Pinky CEO of the Year?

http://www.thestar.com/Business/article/195901

Thursday, March 01, 2007

Interesting....but....

It is good to see the SEC taking some action but IMHO this happens almost daily in pinkyland.

March 1, 2007
Lawyer Charged in $10 Million Securities Fraud
By REUTERS
Federal prosecutors charged an ex-partner of the law firm McGuireWoods with fraud yesterday, claiming that he illegally obtained and sold shares of various companies for a profit of millions of dollars.

Louis W. Zehil, 41, was arrested, and a federal magistrate later set bail at $250,000.

Separately, the Securities and Exchange Commission filed a civil complaint against Mr. Zehil in Federal District Court in Manhattan.

Mr. Zehil, who worked at McGuireWoods’s offices in Jacksonville, Fla., and New York, resigned from the firm in January. His lawyer declined to comment.

Mr. Zehil represented seven companies between January 2006 and February 2007 in issuing their stock in private investments in public equity, or PIPE, transactions, according to the SEC.

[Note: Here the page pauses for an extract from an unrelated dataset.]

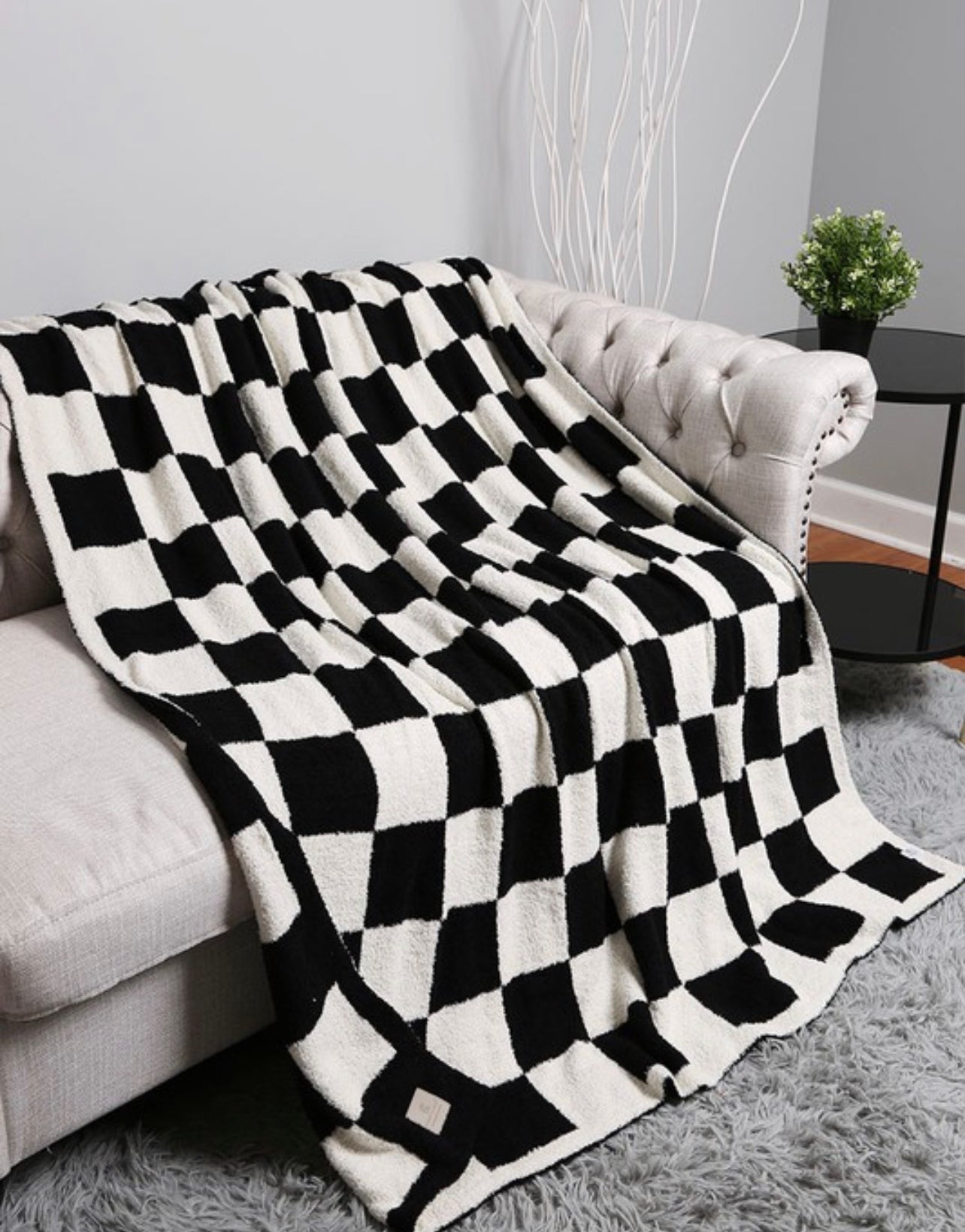 Oversized Luxe Checkered Blanket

In these PIPE transactions, investors buy restricted shares at a discount and can sell them in public markets after the shares have been registered with the S.E.C., according to the complaint.

Mr. Zehil invested in the seven companies through two entities he controlled, according to the complaint filed by the United States attorney’s office in Manhattan.

But Mr. Zehil told the stock transfer agent that the two companies he controlled were eligible to get shares without a restrictive legend and he sold those shares in the public market for a profit of about $10 million, according to the complaint.

The matter was reported to the S.E.C. by McGuireWoods, the government said, adding that the law firm was cooperating with its investigation.